**PROBLEM STATEMENT**
Keep the text of the data exactly as it is and omit each picture from the copy.

**EXERCISE DATA**
· · · · · · ·

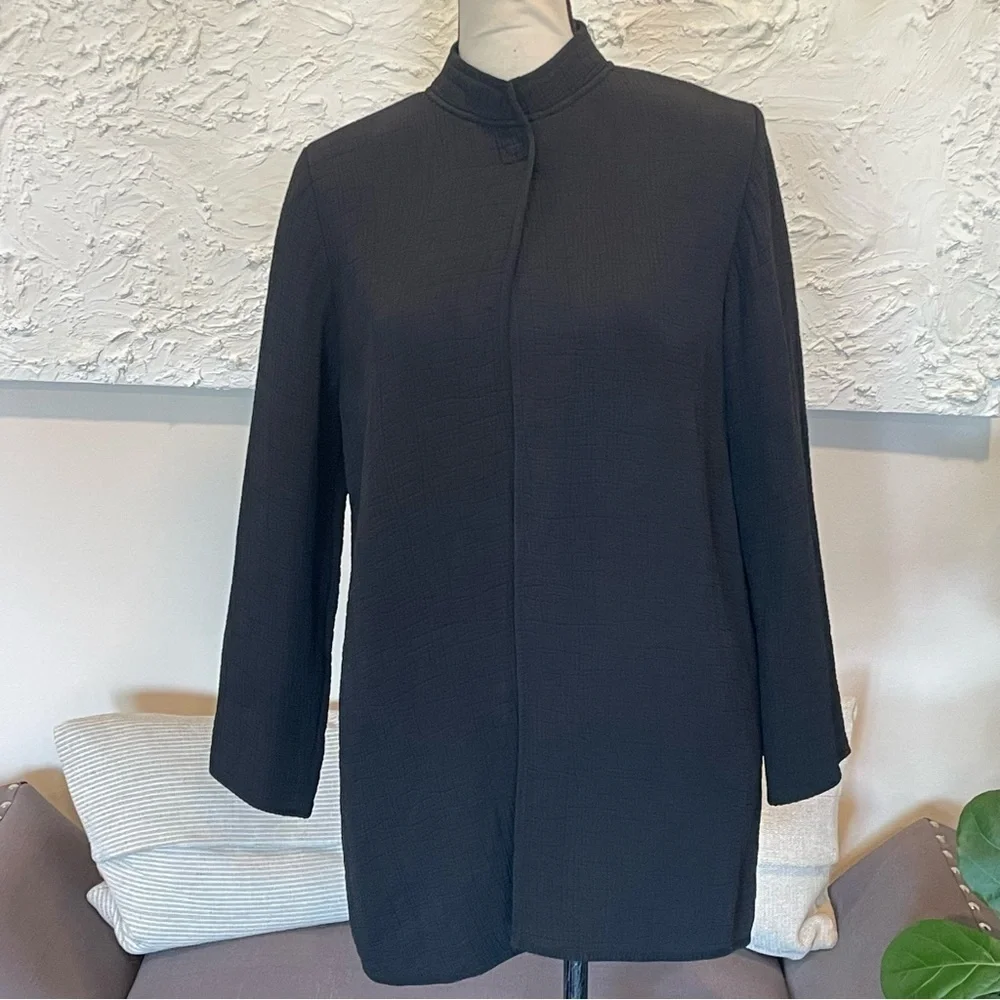 EILEEN FISHER Stand Collar Silk Blend Textured Long Jacket Black Sz S Petite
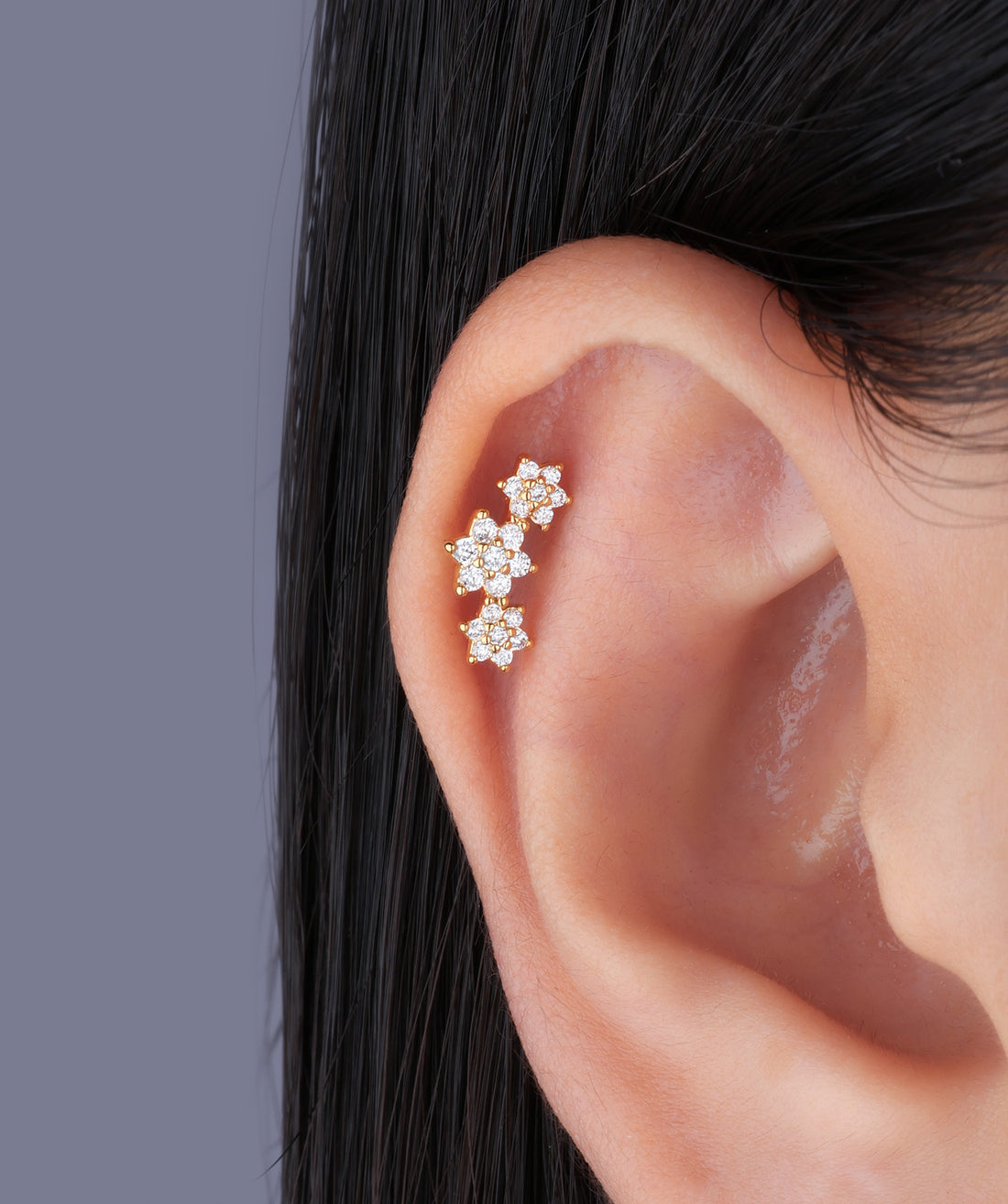 Delicate Curved Flower Stud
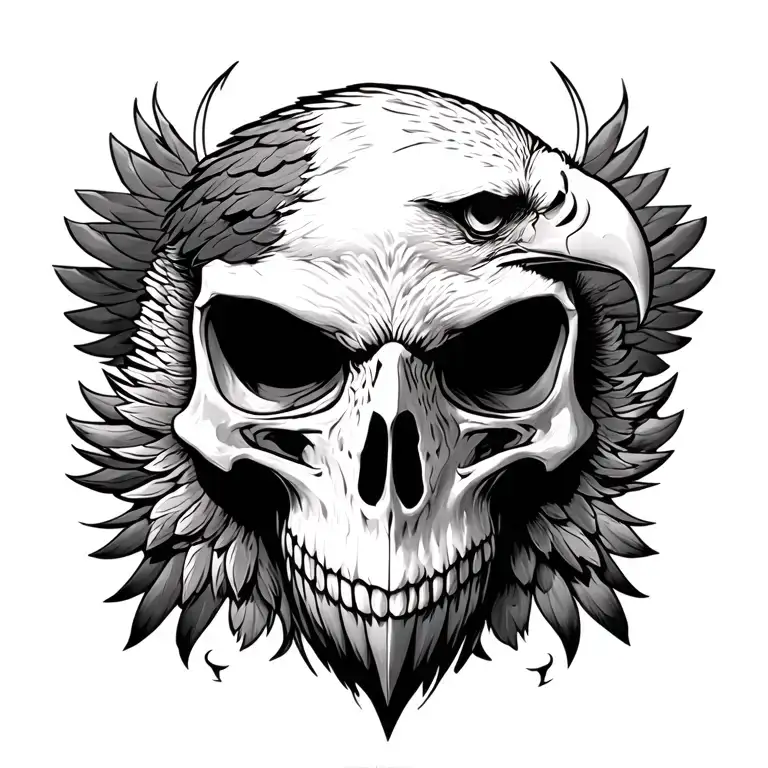 skull and eagle tattoo design idea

· · · · · · ·

**FINAL ANSWER**
 EILEEN FISHER Stand Collar Silk Blend Textured Long Jacket Black Sz S Petite
 Delicate Curved Flower Stud
 skull and eagle tattoo design idea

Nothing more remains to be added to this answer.